SSIM/LPIPS diverge substantially from human judgments under pose/scale variation; VTON-IQA is robust to global transformations.
GPT-Image-1.5 is underestimated by traditional metrics (since zero-shot models frequently alter pose/scale); VTON-IQA correctly reflects its high quality.
Human vs. model: pairwise accuracy is nearly identical (0.782 vs. 0.781), though a gap remains in correlation metrics.
DiT-based models consistently outperform U-Net diffusion models, while GAN-based methods lag substantially behind.

Highlights & Insights¶

Remarkable dataset scale: 62K images, 13K annotators, and 431K annotations constitute the largest human-annotated dataset in the VTON evaluation field to date.
The rigorous annotation quality control pipeline (Krippendorff's α thresholding, multi-stage cleaning) is directly transferable to other crowdsourced annotation projects.
The asymmetric design of ICA elegantly encodes the semantic structure of try-on quality assessment, centering the evaluation on the try-on image.
Comprehensive benchmarking across 14 VTON models reveals systematic discrepancies between traditional metrics and perceptual quality.
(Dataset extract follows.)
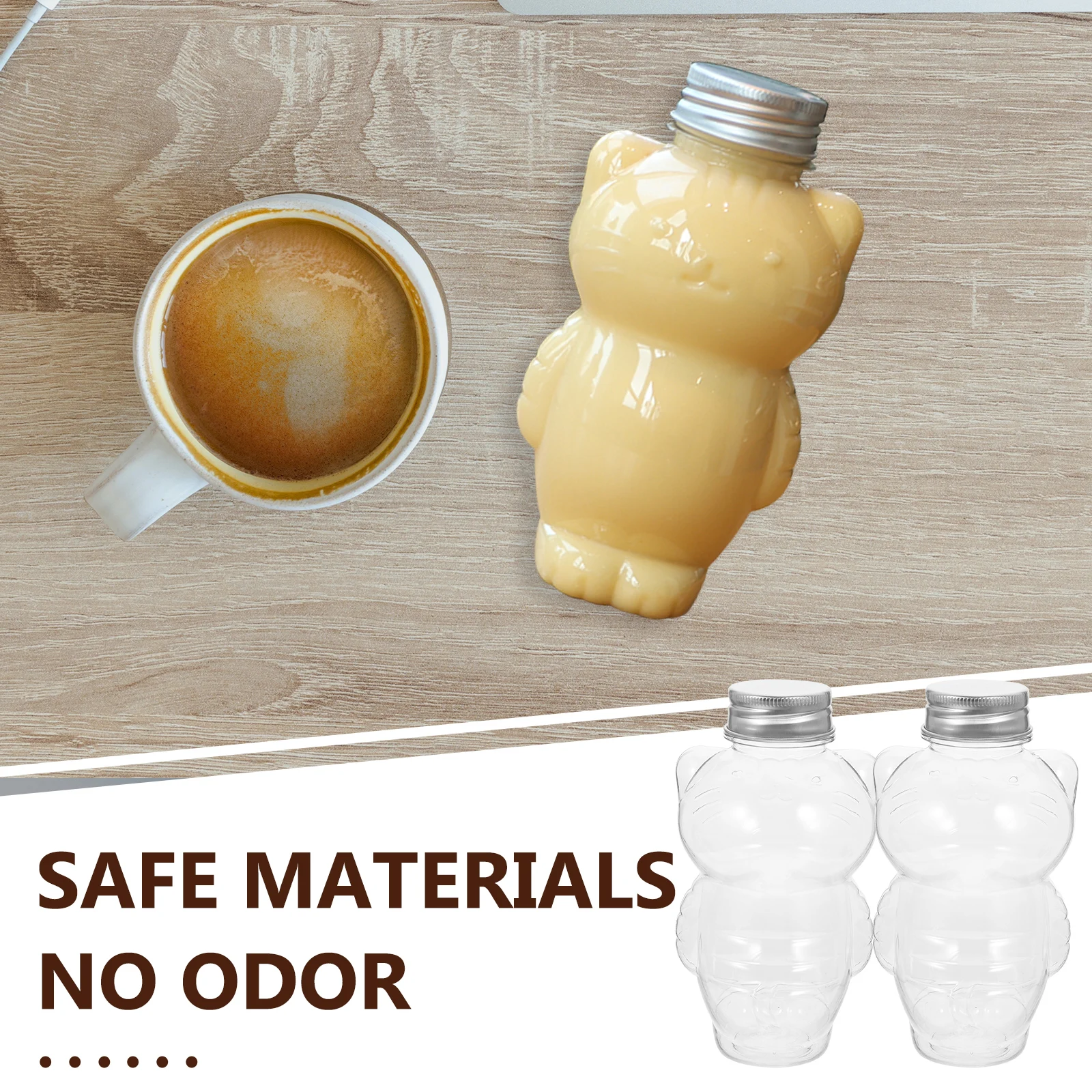 

10 Pcs Cat Shaped Empty Bottles Reusable Transparent PET Plastic Milk Juice Yogurt Containers Portable Safe Sealed Lid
Limitations & Future Work¶

Coverage is limited to studio-setting standard try-on scenarios; in-the-wild settings with complex backgrounds and diverse poses are not addressed.
The model outputs only a scalar score, lacking interpretable attribute-level feedback (e.g., "collar mismatch").
The three-level annotation scale may be too coarse; fine-grained 5–7 level ratings could provide greater utility.
The framework has not been extended to video try-on or 3D virtual try-on scenarios.
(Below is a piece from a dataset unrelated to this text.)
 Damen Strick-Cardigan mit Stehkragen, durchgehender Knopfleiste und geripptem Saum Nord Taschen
vs. VTONQA: Dataset scale is substantially smaller (748 pairs vs. 13,153 pairs) and the implementation is not publicly available; the present dataset and code will be open-sourced.
vs. VTBench: Provides a multi-dimensional diagnostic framework but does not learn a unified quality assessment model.
vs. VTON-VLLM: Focuses on textual critique rather than quantitative prediction.
Inspiration: The reference-free quality assessment paradigm is transferable to the evaluation of other conditional generation tasks (e.g., image editing, style transfer); the asymmetric interaction design of ICA is applicable to any scenario requiring verification of whether generated outputs preserve input conditions.

Rating¶

Novelty: ⭐⭐⭐⭐ Systematic contribution in task formulation and dataset construction; the ICA design is novel but not a breakthrough.
Experimental Thoroughness: ⭐⭐⭐⭐⭐ Extremely comprehensive, covering 14 VTON models, cross-group generalization, human comparison, and category-wise evaluation.
Writing Quality: ⭐⭐⭐⭐ Clear structure with detailed description of the dataset construction pipeline.
Value: ⭐⭐⭐⭐⭐ Fills the gap of standardized evaluation benchmarks in the VTON field and has strong potential to become a community standard tool.